My mom left to office, and asked me to make myself roast potatoes for the chapathis, so I was wondering how many of you people can cook, since this is a almost male dominant forum. Please vote in the poll, and dont post dumb stuff like "i can cook" "i cant" since thats what you answer in the poll. Post why/why not. And if you can, what can you?

INSTANT FOODS LIKE MAGGI EXCLUDED!!!!!!

That goes for you pathik.


----------



## Pathik (May 28, 2008)

If Maggi counts, then me.


----------



## desiibond (May 28, 2008)

I cook to an extent that I take lunch box everyday to office, can cook veg, nonveg, chinese (noodles, fried rice etc), pickles.

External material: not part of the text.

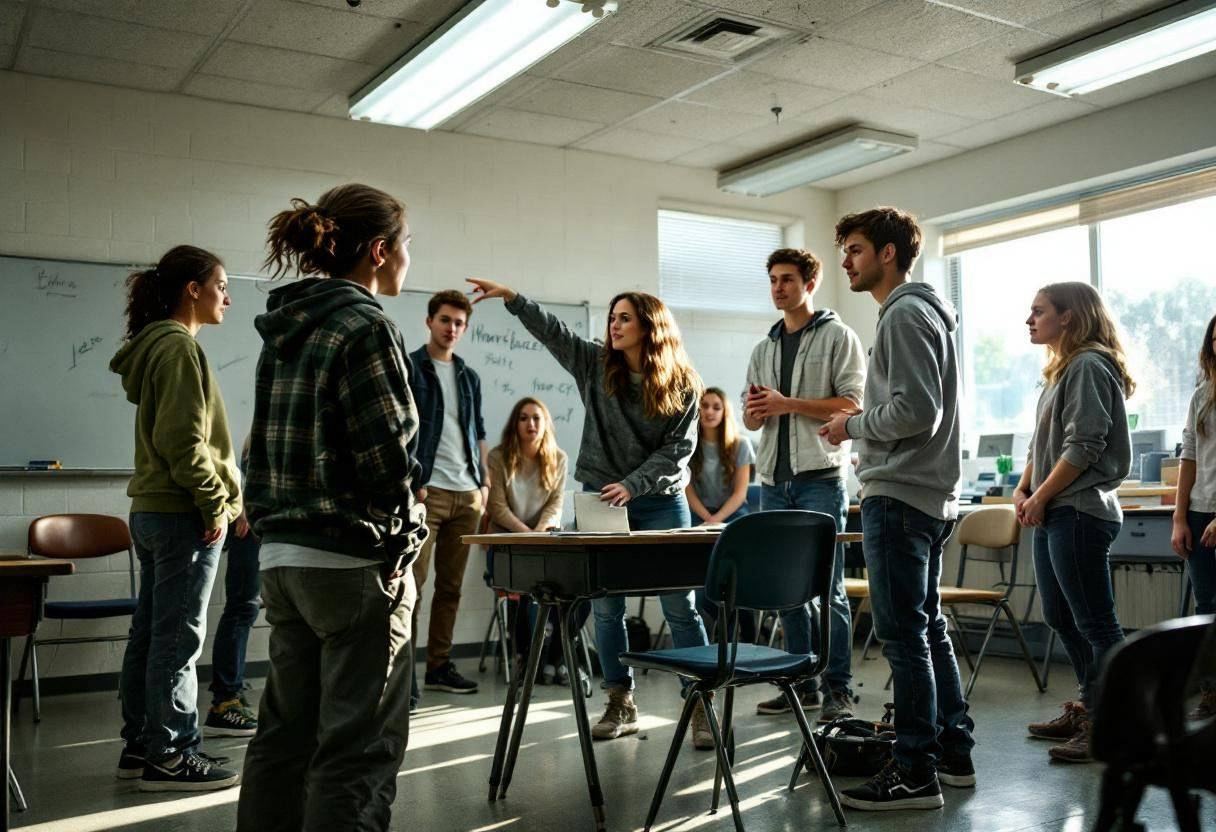 Lanky teenagers ages 14 to 17 in casual jeans and hoodies gathered around their teacher in a patterned blouse leading a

My best dish to date is Paneer Makhani.

one damn good site for andhra foods: sailusfood.com


----------



## ring_wraith (May 28, 2008)

Lol... I am hopeless at cooking. I'm pretty sure I'd screw up Maggi too.


----------



## Hitboxx (May 28, 2008)

Hehe, nice topic, I already smell the aroma 

I can cook, not much fancy, but I can get by the everyday daal-chawal routine, though I eat non-veg too, but never tried cooking it, yet to come to terms with cutting meat. I also love soups 

I can't do roti/paratha things, rice and the varieties are my comfort zone.


----------



## desiibond (May 28, 2008)

^^hahaha. all you need is one stay away from home and bad hotels in your locality. inside a month you will master cooking


----------



## MetalheadGautham (May 28, 2008)

d00d, if women can work, then men can c00k. There is nothing special about being able to c00k.
I have been c00king since the past five years and I have experienced no problems at all. Its riddiculously easy, easier than even linux.


----------



## subratabera (May 28, 2008)

MetalheadGautham said:


> Its riddiculously easy, easier than even linux.


What a comparison.


----------



## desiibond (May 28, 2008)

MetalheadGautham said:


> d00d, if women can work, then men can c00k. There is nothing special about being able to c00k.
> I have been c00king since the past five years and I have experienced no problems at all. Its riddiculously easy, easier than even linux.


 
does this mean that using linux is easY??


----------



## ssdivisiongermany1933 (May 28, 2008)

Cooking is fairly a simple deal , its not any thing big .I started of at my teens Now can cook almost any type of non-veg food (special) and Now trying specialization in south indian food since been its my favorite . I tried first to cook food when was 8 yrs old ,unfortunately that was a failed attempt .and the food is cooked on weekends .and if my my future wife runs away I don't have to worry about food ..So guys learn it 

Now cook list
Bengali 
Punjabi 
South Indian (under learning process ) ,


----------



## praka123 (May 28, 2008)

I can make tea,coffee for sure.I have tried Dosa and Appam which is kinda OK(but I dont prefer cooking).
I can make rice(since rice is our primary food).
nonveg items =not specialized in.but specialized in eating.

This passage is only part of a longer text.